Data to process Start Marker

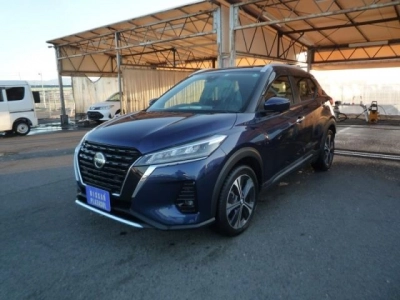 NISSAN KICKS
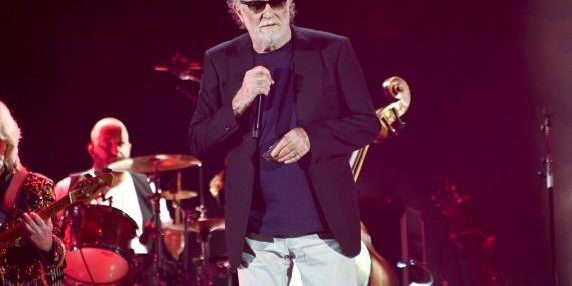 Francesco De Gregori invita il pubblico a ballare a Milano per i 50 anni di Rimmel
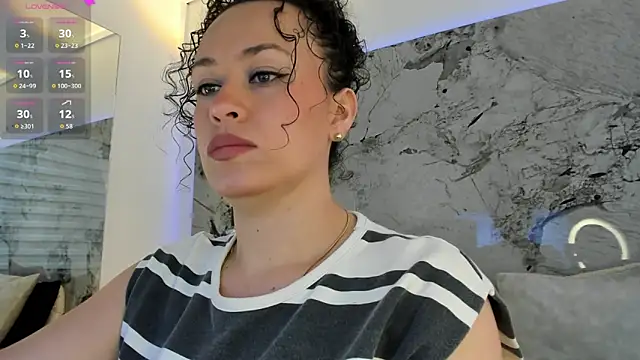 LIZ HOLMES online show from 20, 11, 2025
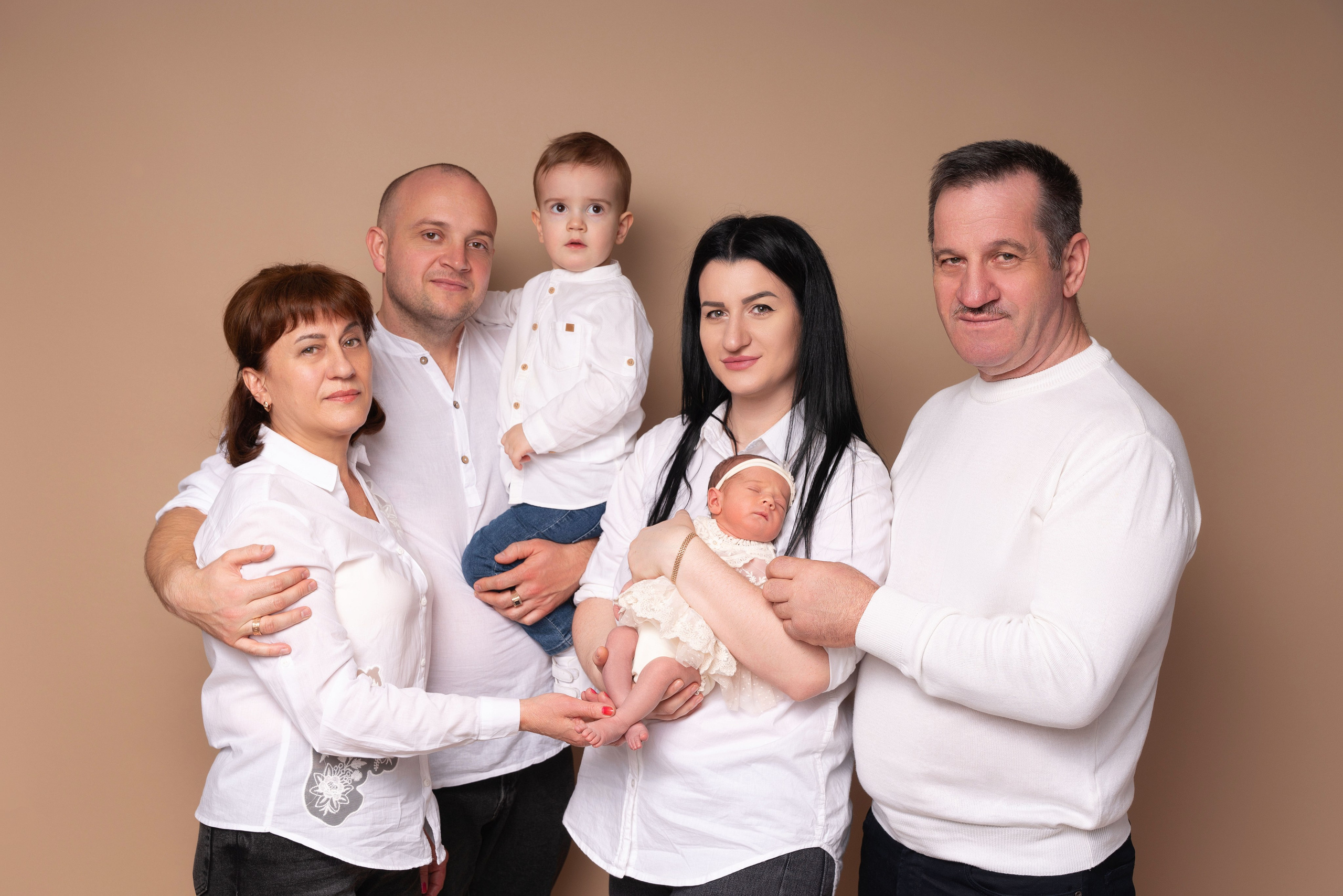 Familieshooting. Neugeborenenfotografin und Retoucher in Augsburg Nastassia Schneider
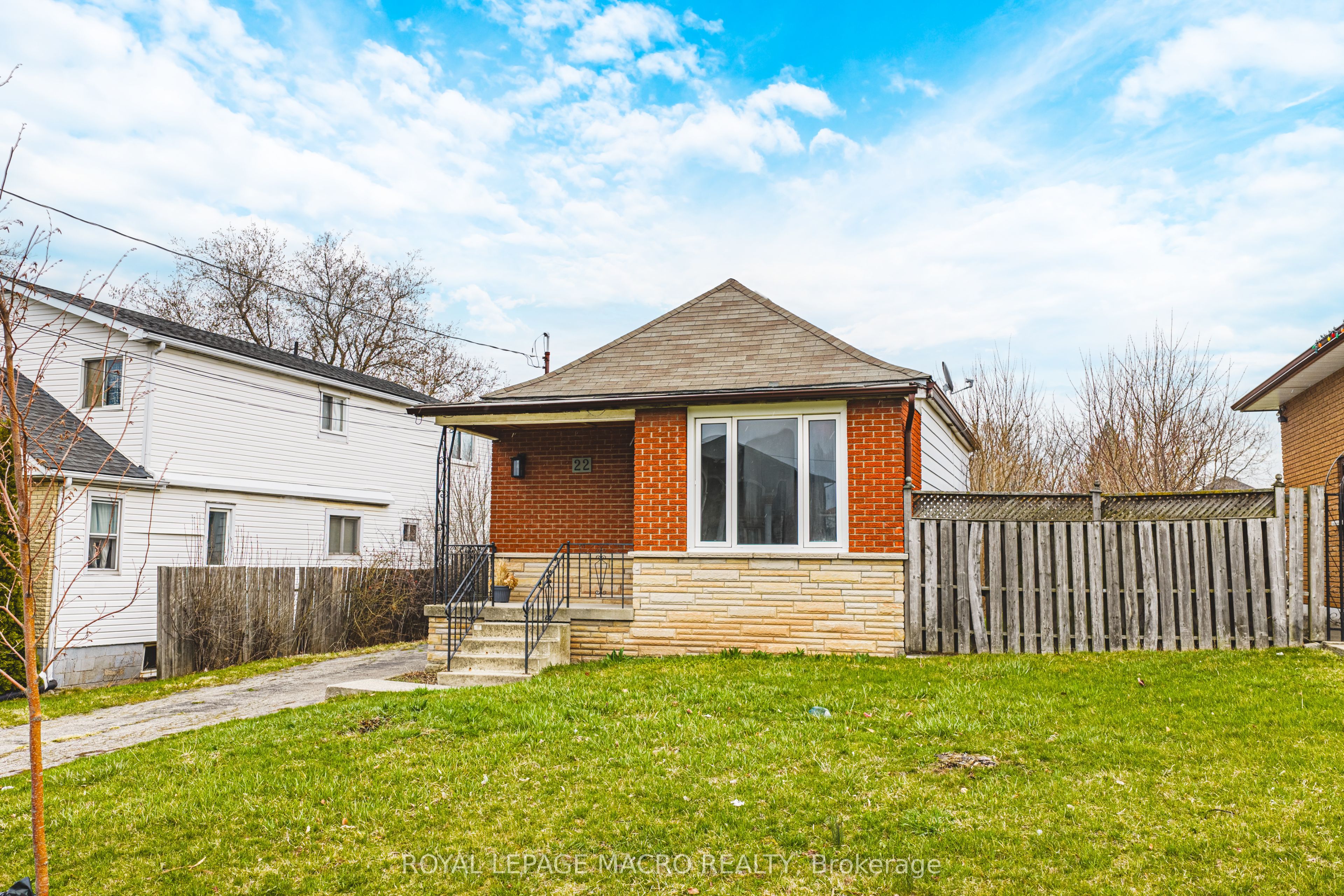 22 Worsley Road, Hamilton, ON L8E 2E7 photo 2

Data to process End Marker

> [Problem]:
Output every line of the records above unchanged, and keep the pictures out.

> [Answer to this exercise]:
 NISSAN KICKS
 Francesco De Gregori invita il pubblico a ballare a Milano per i 50 anni di Rimmel
 LIZ HOLMES online show from 20, 11, 2025
 Familieshooting. Neugeborenenfotografin und Retoucher in Augsburg Nastassia Schneider
 22 Worsley Road, Hamilton, ON L8E 2E7 photo 2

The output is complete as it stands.